More than 87 percent of Taiwanese women said they do not want to have children, while more than 50 percent of mothers said they are unhappy, according to survey results released by the Democratic Progressive Party (DPP) yesterday ahead of Mother’s Day today.
The survey, which polled 906 women between the ages of 20 and 49 with a margin of error of 3.3 percent, showed 54.9 percent of mothers said they felt unhappy while 41.3 percent said they are happy.
Meanwhile, 87.3 percent of women said they do not want to give birth.
The poll showed that 21.5 percent of women said they do not want to children because of the heavy economic burden. Deputy director of the DPP’s women’s affairs department Chiang Yueh-chin (蔣月琴) added that the poll showed women between the ages of 30 and 39 are most concerned about the cost of raising a child, followed by women in the 20 to 29 age group.

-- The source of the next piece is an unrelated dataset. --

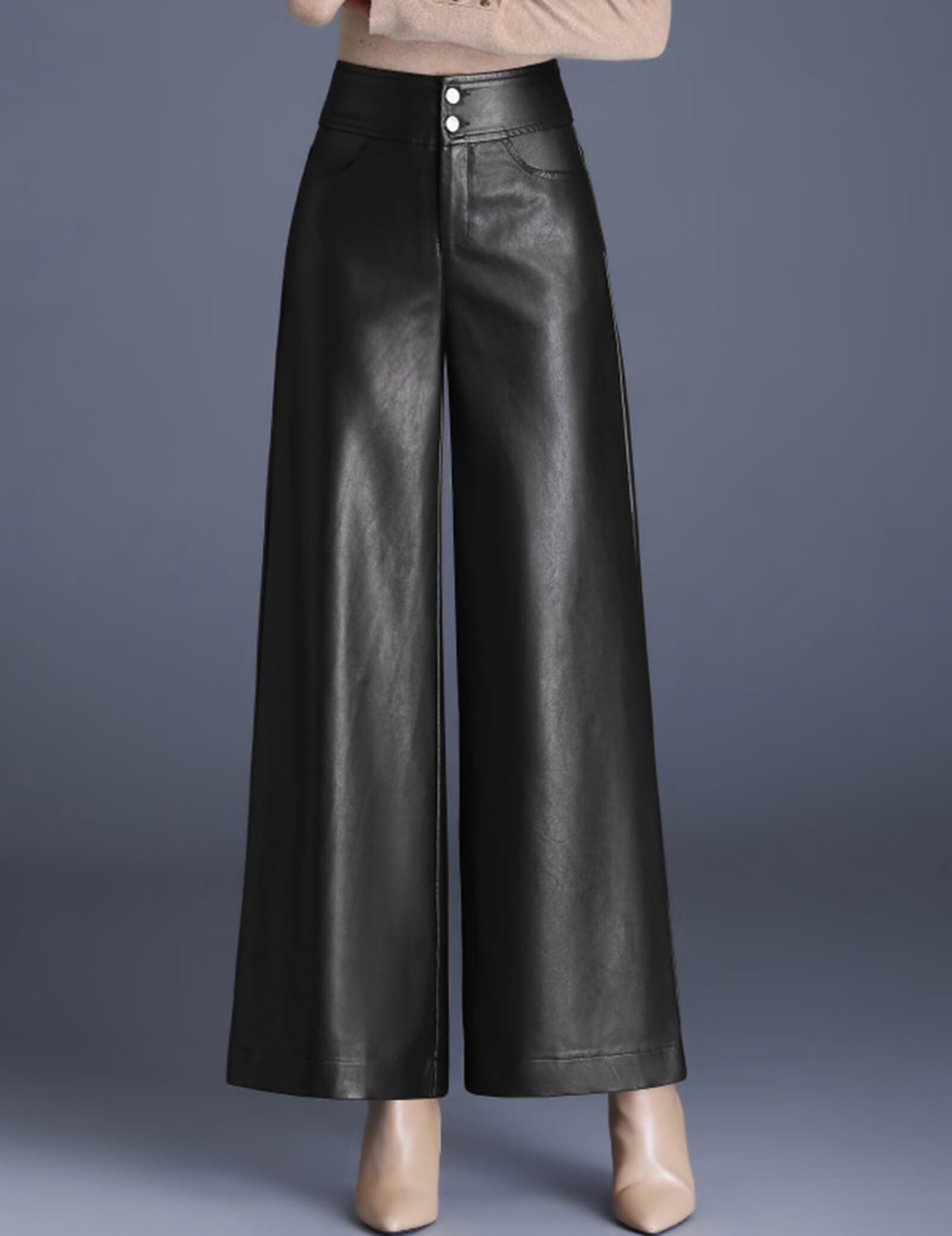 Pantalones de Cuero Mujer Pierna Ancha Cintura Alta Pantalón Elegante Mujer Moda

The head of the Taiwan Community Care Association, Liu Yu-hsiu (劉毓秀), told the press conference held by the DPP that the poll also suggested the nation’s low birthrate has much to do with its lack of a childcare system. Subsidies did little to encourage women to give birth because what the public really wants is an inexpensive and quality childcare system, she added.
A separate survey conducted by the online job bank Yes123 showed that 65 percent of working moms rated their level of hardship as high as 80 on a scale of 0 to 100.
The survey set a hardship index of 0 to 100, with every 10 points counting as a different range. Scores of between 0 and 60 indicated no hardship, 60 to 80 meant a manageable level of hardship and scores exceeding 80 indicated severe hardship.
According to the survey, which polled 2,122 working mothers with a margin of error of 2.13 percent, 65 percent of the respondents thought it was very hard to be a working mother and 35 percent experienced hardship exceeding a score of 90, symbolizing the excess hardships a working mother in Taiwan has to endure.
Of the surveyed women, 75.8 percent listed managing household affairs after work as the top reason they feel stress, while 64.5 percent listed raising children as the reason, 63.8 cited a lack of personal time and 59 percent said educating children caused stress.
Nearly 20 percent admitted to being stressed over the need to guard against xiaosan (小三). Xiaosan is a recent popular term that means the third party in an extramarital affair.
The survey also showed that mothers regarded governmental and corporate measures to benefit working mothers as inadequate, with 42 percent of working women feeling no beneficial measures of any sort for them.
When working mothers are faced with the dilemma of balancing work with caring for their children, nearly 67 percent said they would change their work because they were expecting children. Meanwhile, 20 percent said they did not file for unpaid parental leave out of fear of losing their jobs, the survey said.